Germaine Acogny qui « décolonise sa propre histoire »

— Par Selim Lander —

Les festivals ont cela de bien qu’ils obligent à découvrir des spectacles expérimentaux. Soit ici la combinaison d’une danseuse-chorégraphe française et dakaroise, Germaine Acogny et d’un comédien-metteur en scène franco-allemand, Mikaël Serre. La première danse et le second est crédité de la mise en scène. Il faut également compter – outre l’équipe habituelle du musicien, du scénographe, de l’ingénieur lumière, etc – avec un vidéaste, Sébastien Dupouey, car la vidéo jouera un rôle important dans ce spectacle, à la fois comme illustration d’un discours et comme substitut de la danseuse dans les moments où elle cesse de bouger. Car celle-ci, à 79 ans, a bien besoin de pauses, même si sa danse relève plutôt de l’expression corporelle et n’exige donc pas d’efforts physiques démesurés.

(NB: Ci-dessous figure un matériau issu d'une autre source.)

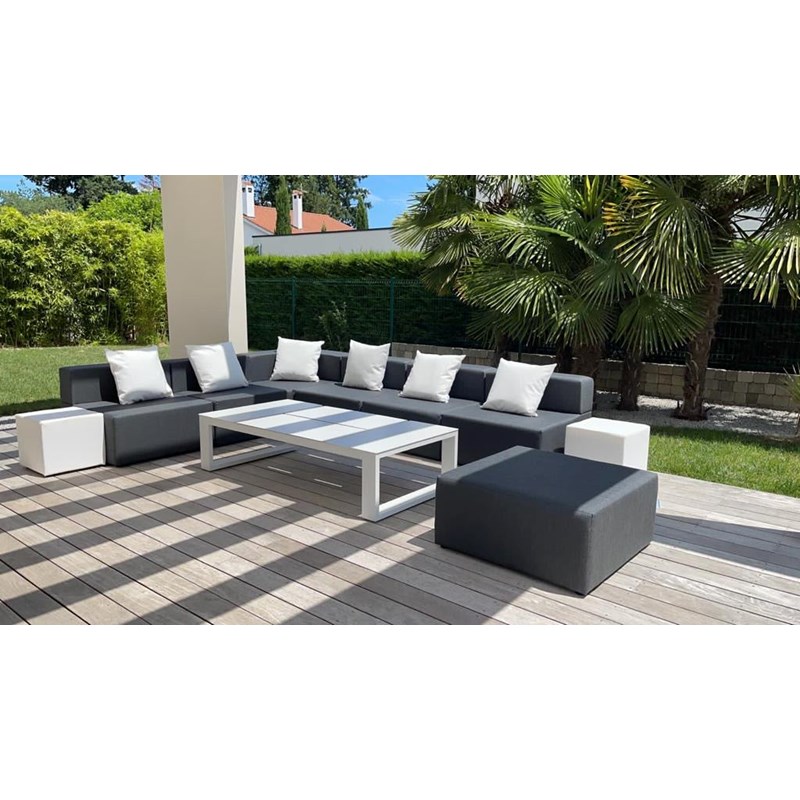 Serena pouf kaki 80x80xh40 cm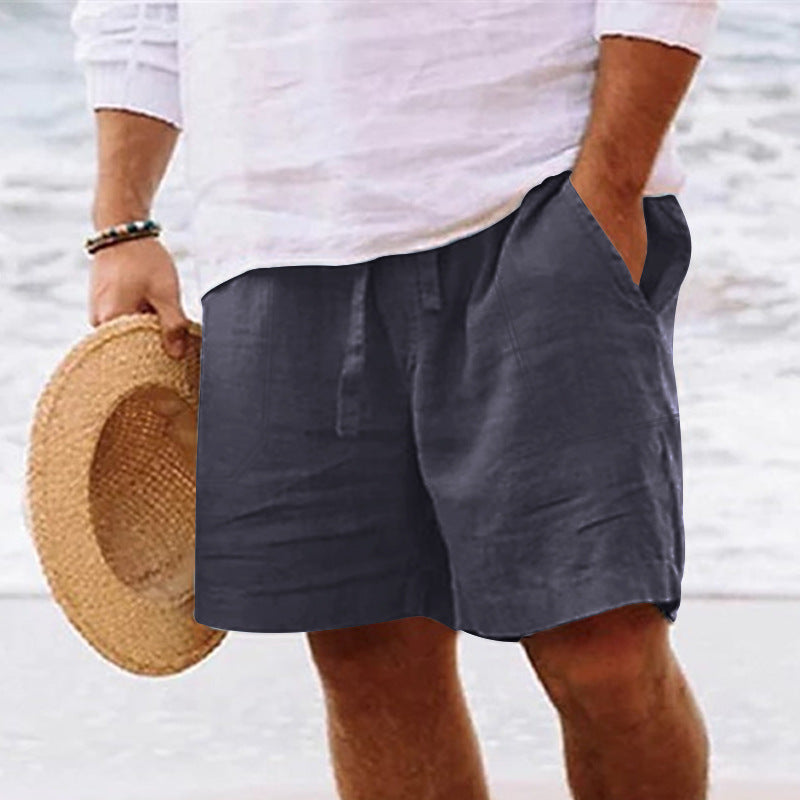 Herren lässige Leinen-Shorts mit praktischen Seitentaschen Echoarchiv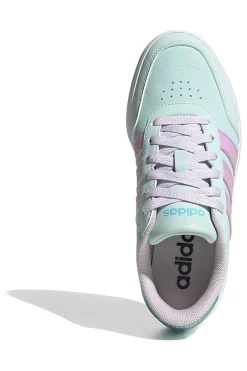 Sneakers azzurre pastello con dettagli lilla Adidas Breaknet 3 J
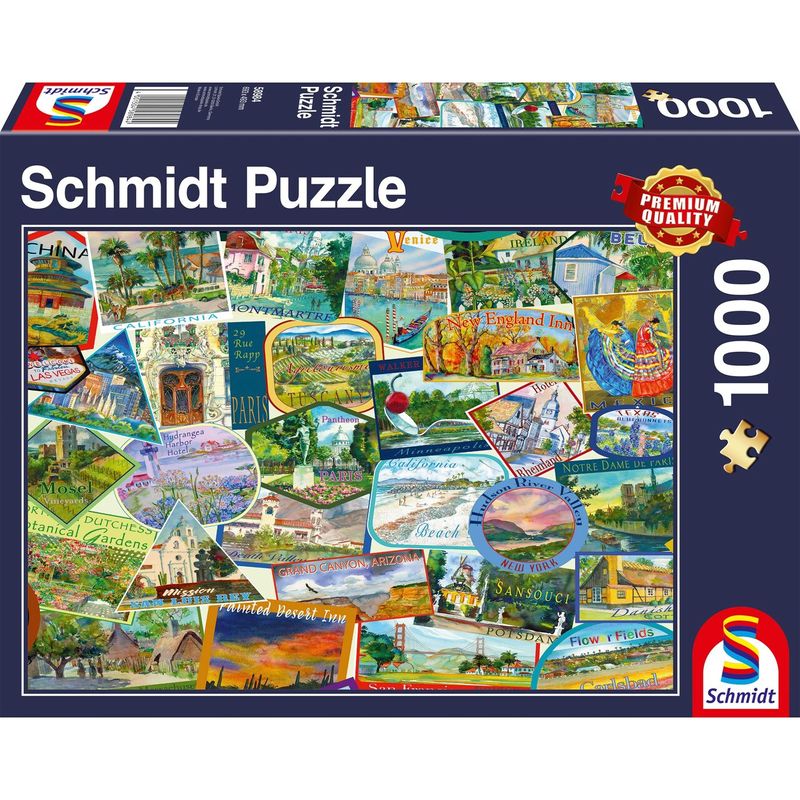 Jucarii, Copii si Bebe - Jucarii si jocuri - Jocuri si puzzle - Puzzle - Puzzle 1000 piese - Travel Stickers - Infinity.ro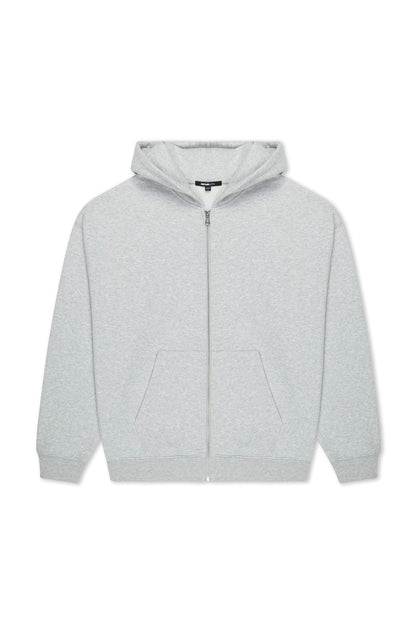 410 Oversized Zip Hoodie - Heather Grey - image 3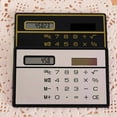 thumbnail image 6 of 8 Digits Thin Pocket Calculator, Portable Slim Credit Card Design, Solar Power Mini Calculator, Perfect For Home & Travel Desktop Math Tool, 1 Pcs, 3.35x2.09", 6 of 8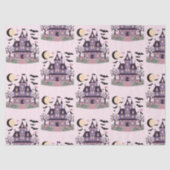 キュート不気味マンションパターン 薄葉紙 (正面)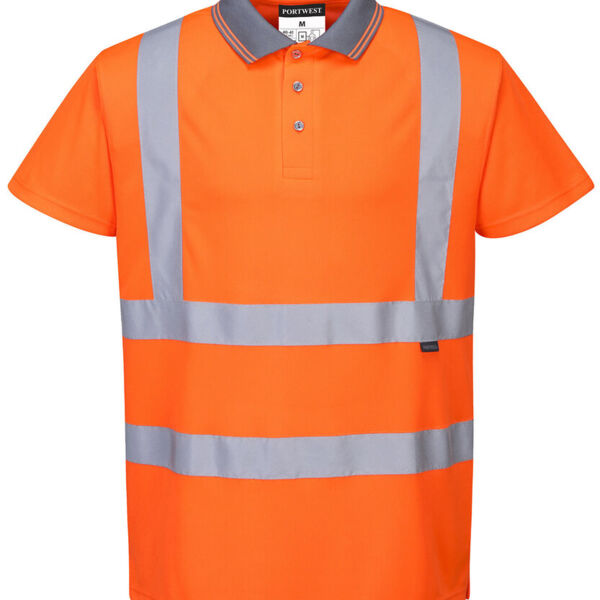 Hi-vis short sleeved polo (S477/RT22) Thumbnail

Ce spectacle que l’on hésite à classer dans la catégorie des pièces chorégraphiques s’intitule À un endroit du début, sans doute pour signaler qu’il y sera beaucoup question des origines. Il commence en effet par un hommage au père, une sorte d’hommage car ce dernier était fonctionnaire colonial et il lui est reproché, par exemple, d’avoir abandonné l’animisme pour la foi chrétienne. Un traitement tout différent est réservé à la grand-mère paternelle qui fut prêtresse yoruba et dont le spectacle nous enseigne que, grâce à sa magie, elle accoucha à soixante ans de son premier enfant.

Sur le fond, ce spectacle souffre des défauts habituels du mouvement woke dans lequel il s’inscrit, en particulier de la contradiction entre la pensée décoloniale (1) et le féminisme puisqu’il entend défendre l’Afrique traditionnelle contre les valeurs et la religion d’un Occident européen-blanc inculquées de force aux Africains, tout en pourfendant la polygamie pratiquée traditionnellement en Afrique. Autre travers habituel des décoloniaux – qui vient celui-là de la Théorie critique de la race » – celui qui consiste à rendre l’Occident blanc-européen responsable de tous les maux de l’Afrique et d’omettre systématiquement les inconvénients liés à la conquête et à l’occupation arabes, au XIe siècle pour le Sénégal. Dans ce pays, le christianisme – ici monté en épingle – est anecdotique : les Sénégalais sont musulmans à 97 %.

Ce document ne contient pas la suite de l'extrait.